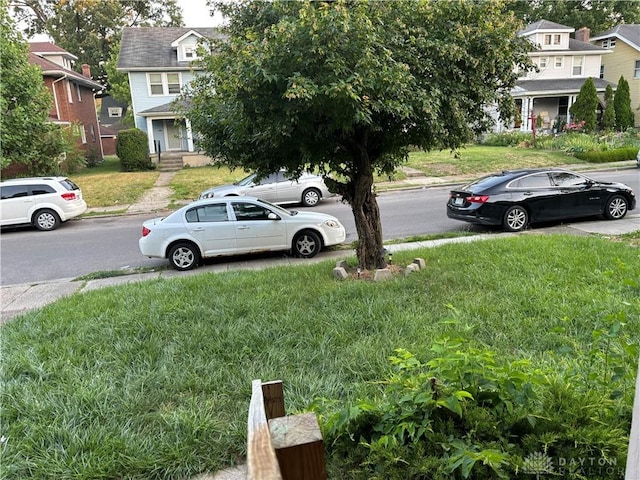 view of yard with a residential view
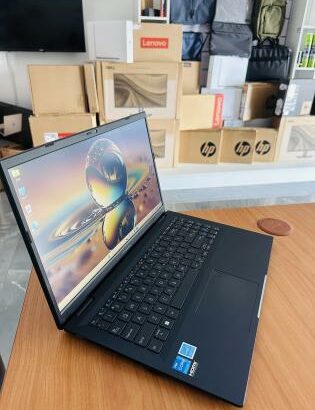 Lap Top em Promoção 12th Gen  Edição 2025 Moderno & Exclusivo  ASUS ExpertBook B150 Notebook PC,12th Generation,intel Core I5-1235U ,8GB DDR5 SDRAM,51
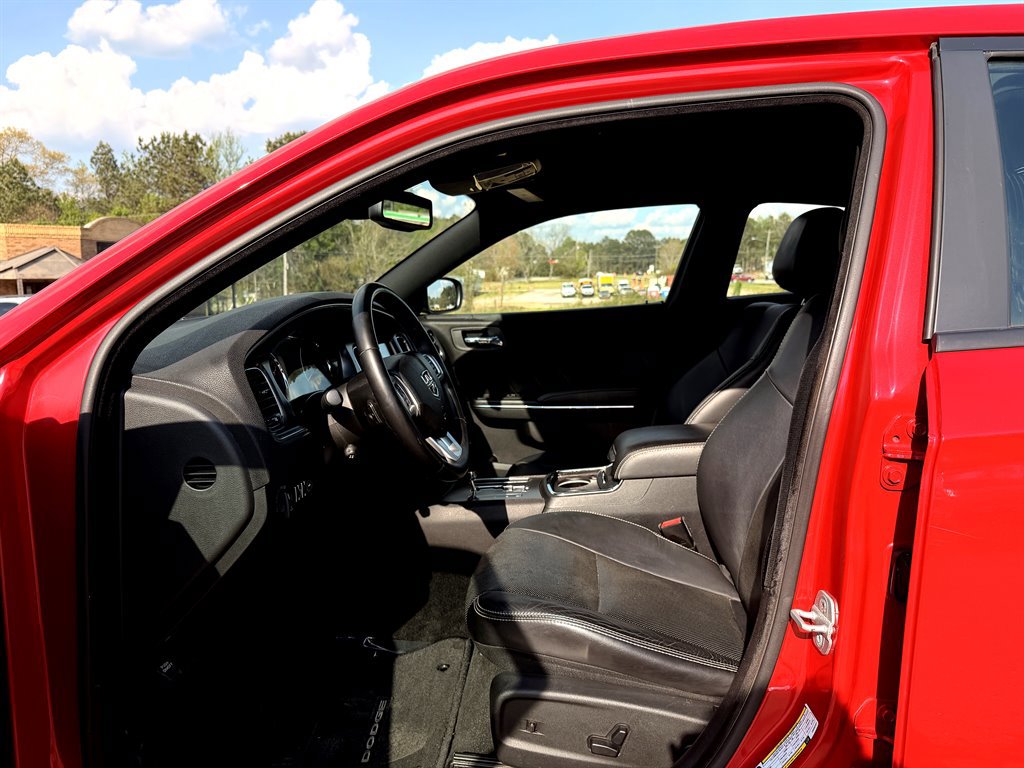 Used 2012 Dodge Charger R/T RWD image 3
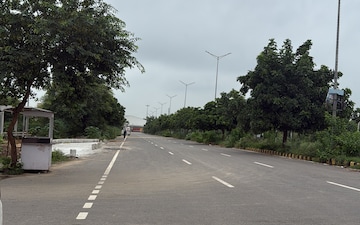 Plot For Sale in New Palam Vihar 3, Choma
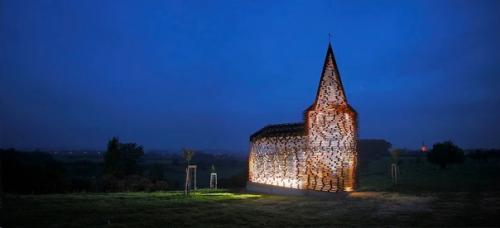 Легче воздуха: необычная церковь в Бельгии. 06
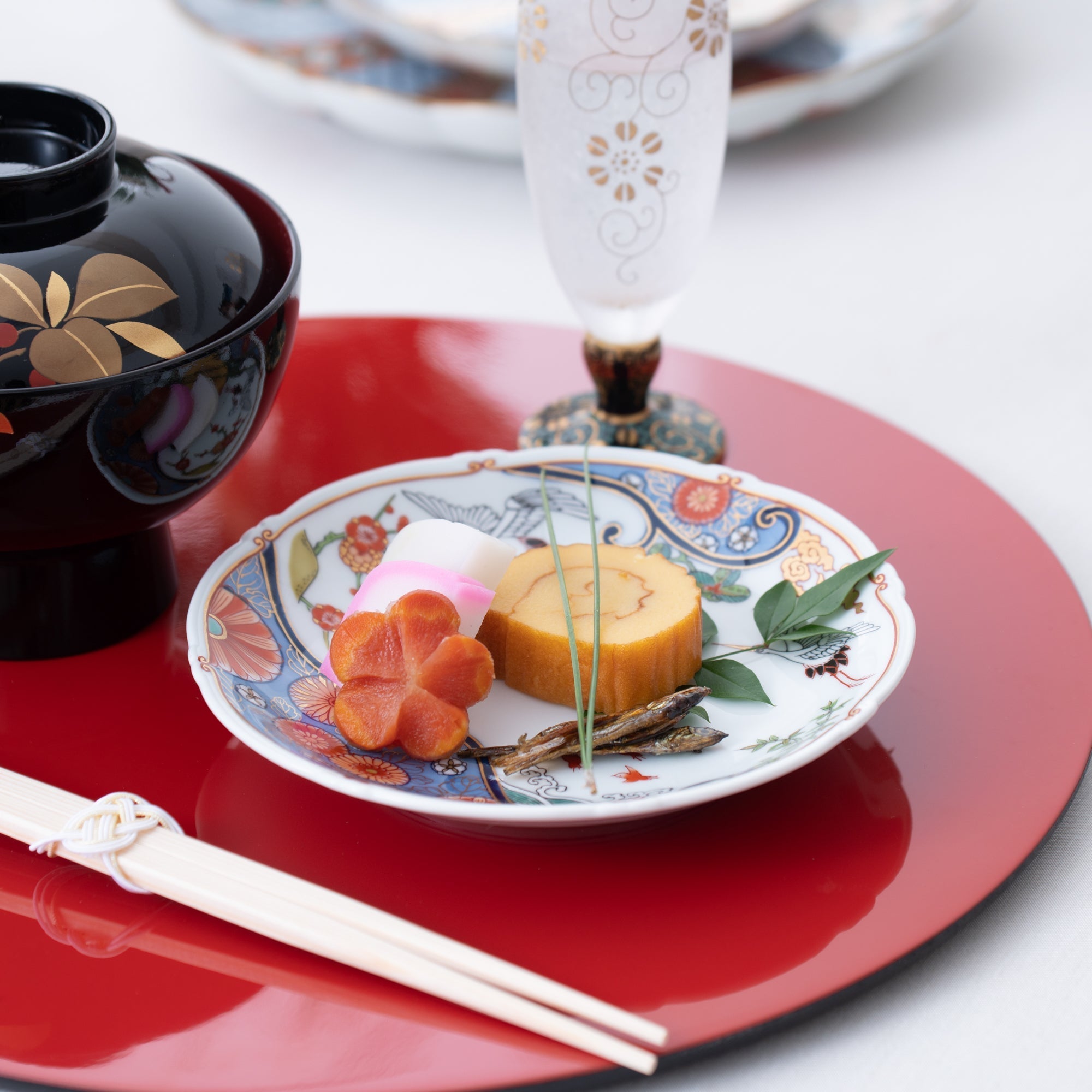 Arita Porcelain Lab Yazaemon Crane and Wave Plate Set - MUSUBI KILN - Quality Japanese Tableware and Gift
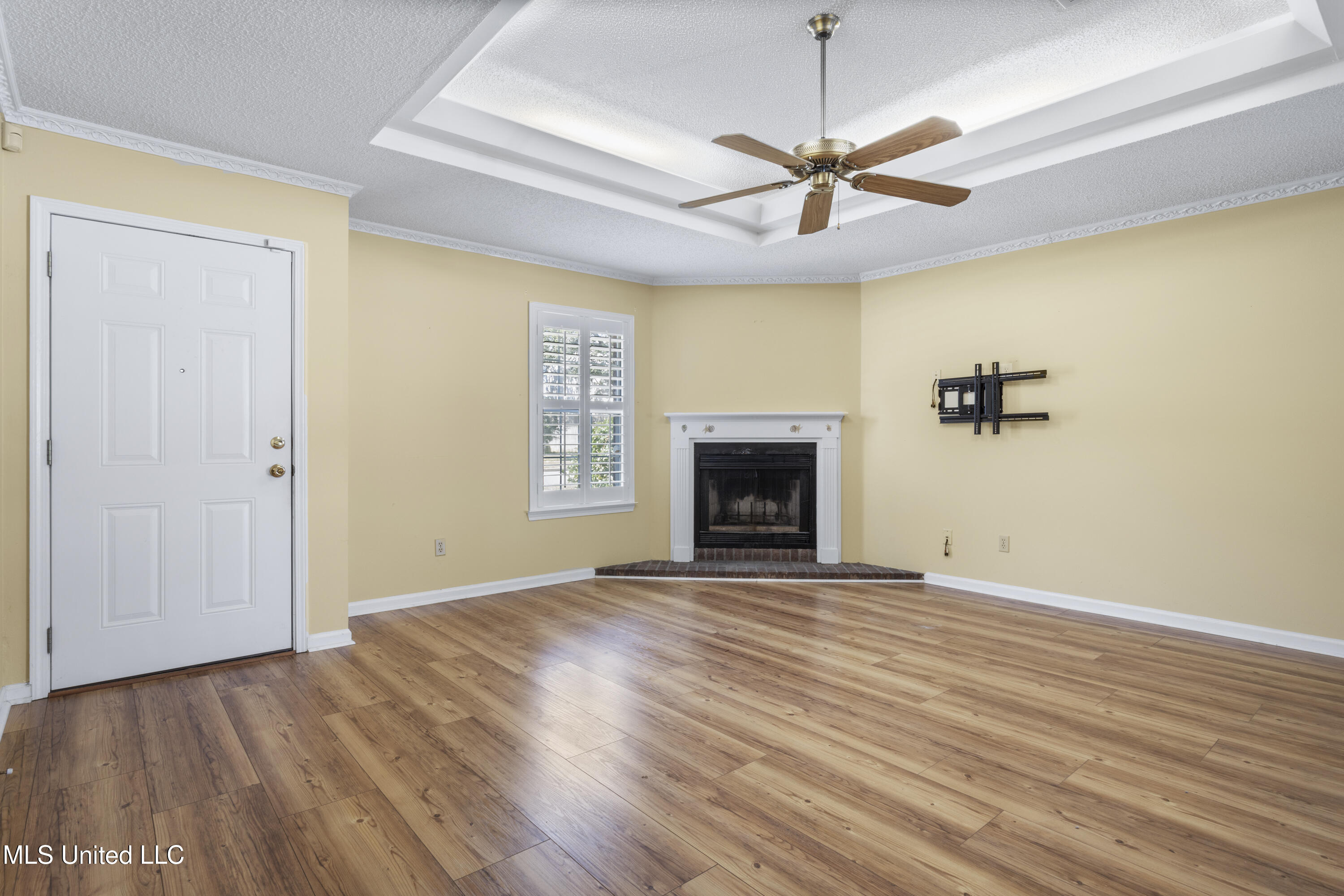 180 Briarfield Avenue Property Photo 4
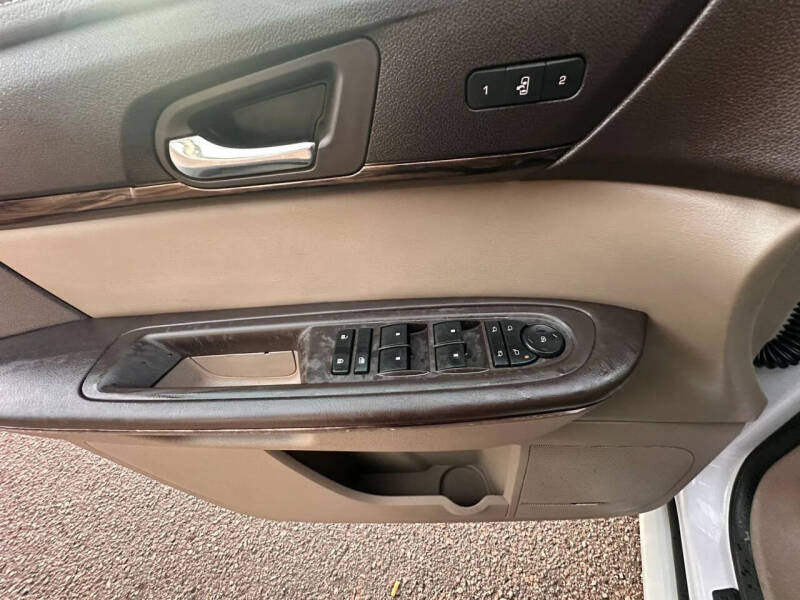 2016 GMC Acadia Denali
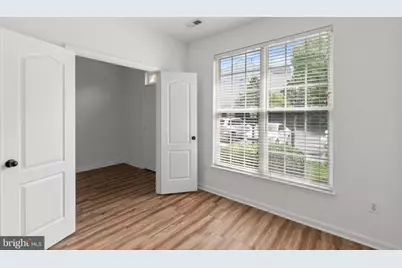 2372 Woodland Pond Lane, Herndon, VA 20171 - Photo 9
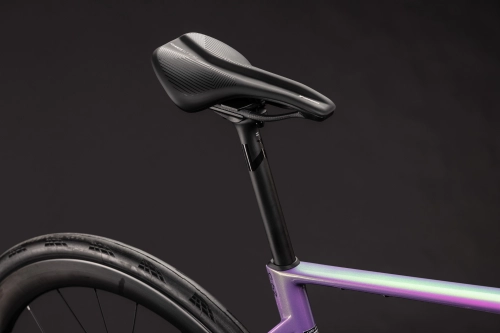 cube-attain-c62-slt-cosmicpurple-black-10.jpg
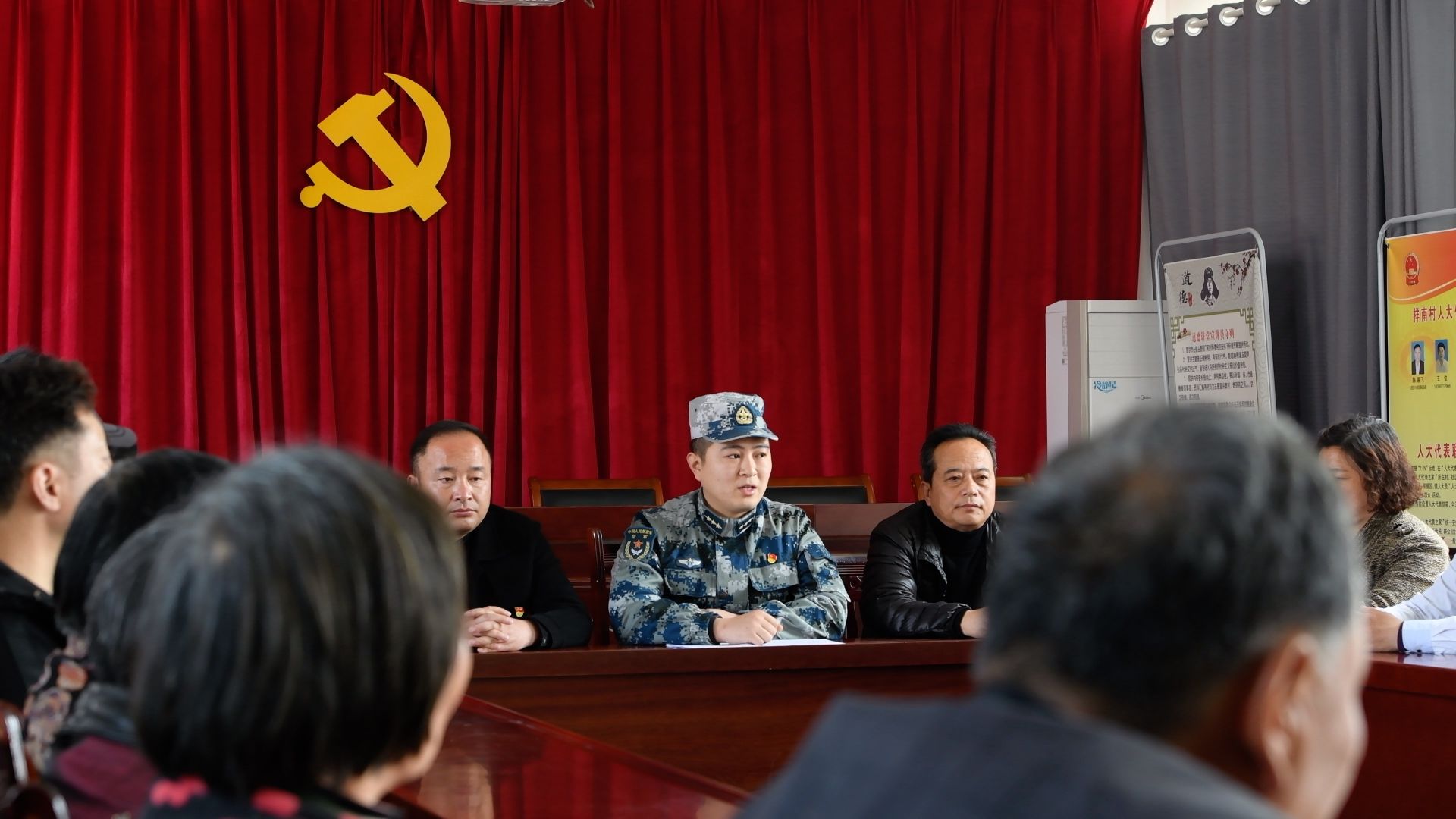 南阳镇祥南村党群活动室,驻丰某部队官兵正在给该村党员们讲述战役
##########
WHAT TO DO
From the line with "Used 2012 Dodge Charger R/T RWD image 3" to the final line of the entries above, reproduce each line exactly and nothing else; the pictures stay out.

EXERCISE RESULT
 Used 2012 Dodge Charger R/T RWD image 3
 Plot For Sale in New Palam Vihar 3, Choma
 Легче воздуха: необычная церковь в Бельгии. 06
 Arita Porcelain Lab Yazaemon Crane and Wave Plate Set - MUSUBI KILN - Quality Japanese Tableware and Gift
 180 Briarfield Avenue Property Photo 4
 2016 GMC Acadia Denali
 2372 Woodland Pond Lane, Herndon, VA 20171 - Photo 9
 cube-attain-c62-slt-cosmicpurple-black-10.jpg
 南阳镇祥南村党群活动室,驻丰某部队官兵正在给该村党员们讲述战役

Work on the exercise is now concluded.